Friday, August 27, 2004


CCN is finally over, the weekends have finally arrived, and I can finally catch some good sleep for the weekend to recharge whatever I've lost and will be needing for the following week. I'll be going to get my hair re-done tomorrow to an ashbrown since the burning red faded so badly to orangey-blond, and hopefully catch a good movie.

Alright I need a shut-eye. Till the next...

Thursday, August 26, 2004


God damn it. I'm shagged to the bones. I desperately need sleep, but the amount of work assigned lately never seems to allow that.

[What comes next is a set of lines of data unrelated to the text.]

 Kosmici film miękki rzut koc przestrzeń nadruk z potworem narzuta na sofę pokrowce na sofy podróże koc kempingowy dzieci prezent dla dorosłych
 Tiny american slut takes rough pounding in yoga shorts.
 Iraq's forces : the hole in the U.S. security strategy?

Wednesday, August 25, 2004


I got my hair done burning red, but it has already begun to fade, and it's only day 2. My coughing seemingly never ceases; my lungs seem to be squeezing so tight at every cough that I feel like throwing up blood. (Haha. Exaggeration there.) Storytelling was fine today, mainly due to the fact that he didn't turn up for lectures again. I moved seats just to prevent myself from taking peeks at him, and he skipped it.

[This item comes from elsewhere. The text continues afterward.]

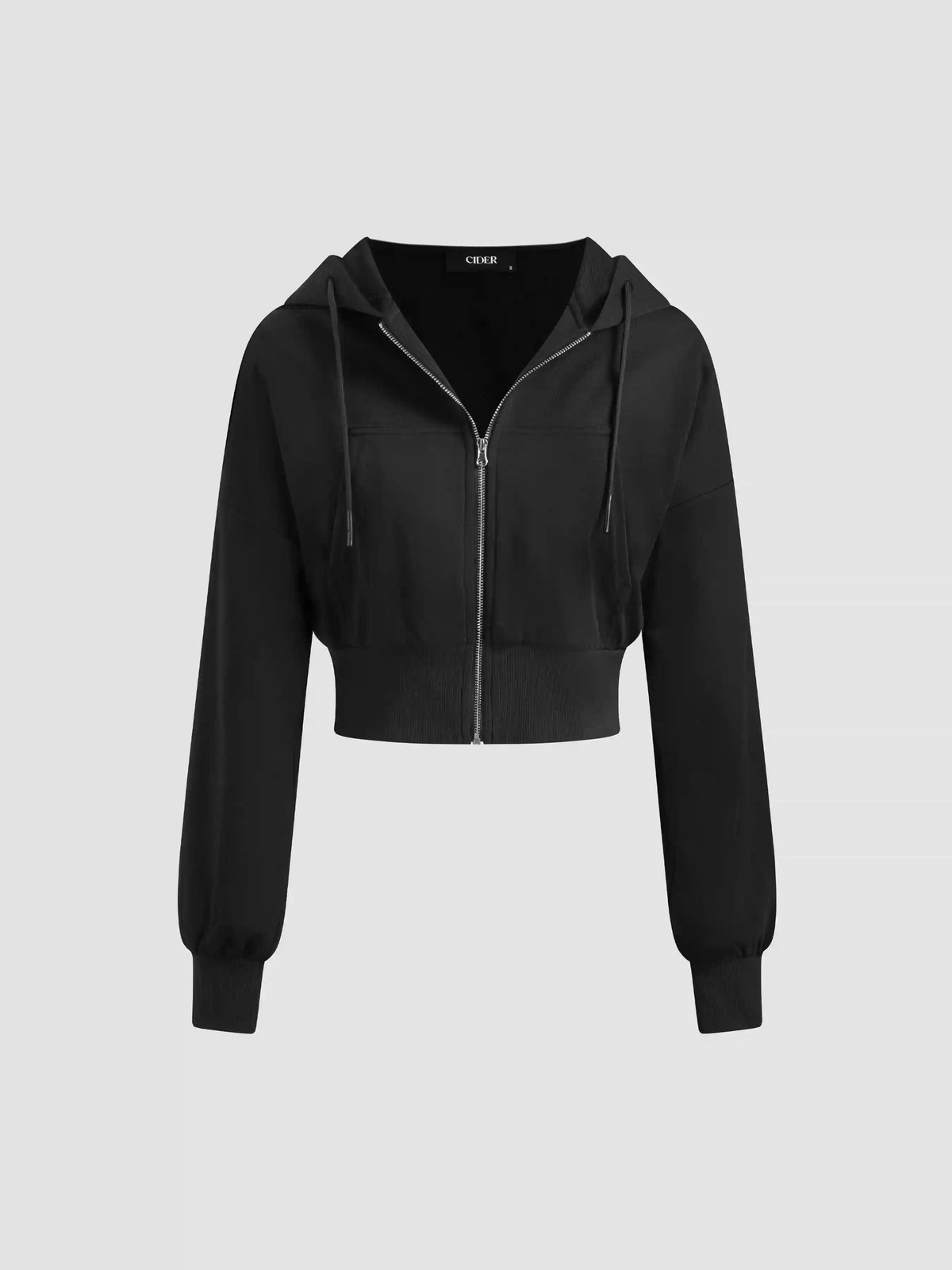 Terry Solid Zipper Oversized Hoodie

In approximately 8 hours, he and I will coincidentally be casting in a friend's, the same friend's, video. Nervousness is pretty much taking control over me now and I don't think I'd know the manner I should react tomorrow the moment he appears, after being missing in action for more than two weeks. I cannot believe I offered my acting services to this friend's project without even checking the other cast members. Bottom line is, I think I'm freaking out. I don't wish to see him, I don't wish for feelings and emotions to rush back and surge through me so violently. Everything seems unnatural now - fallacy at its extreme. I pray all this is just infatuation at it's insanity, and nothing more.

Tuesday, August 24, 2004

The truth is tearing up my heart
I can't recognize this place
The endless road without a stop sign
Can't even find a stranger this time

Why am I still holding back my tears
In this loneliness there's nothing to fear
Every chord still seems a wonder
How we could be together
Everytime I ask if this would be the last
Why am I still talking to myself
Hoping you will have the keys to my cell
Every song might calm the weather
But it just draws me deeper
How do I get out of this
I think I never will

A crystal's forming in the eye
Maybe this would be the last
The winding path down my face
Till I begin to taste the bitterness inside

Friday, August 20, 2004

So decisions for subject electives have already been made and finalised according to preferences, and it's a step closer towards the second semester. Nineth week and they're already hurrying students to plan and schedule their next half year of their lives. Everything's too soon, everything began too soon, everything will end soon as well. I bumped into several old school juniors today at school, and out of the five I coincided with, I smiled only at one. Ho ho, so much for seniorship. It's pretty scary, how you make friends, and eventually have to lose them, regardless of how close friends will ever be, although I have to admit I have one really fantastic friend, Pris, who's always right-on-the-moment available and opened-ears to all my troubles. It astounds and baffles me that people around me actually don't have prickened consciences whenever they commit wrong or let people down. Their worlds are built around themselves, and it's a sick feeling I get whenever I personally witness this harsh reality of life itself, and it's unfortunate that everything has to flow this manner. It's not what God has planned to be, really. I've been very spiritually-conscious of late, and I guess it's a good sign of the changes in me. I'm planning to maintain this Me and perhaps get in touch with God since I've been out of contact with my faith for pretty long.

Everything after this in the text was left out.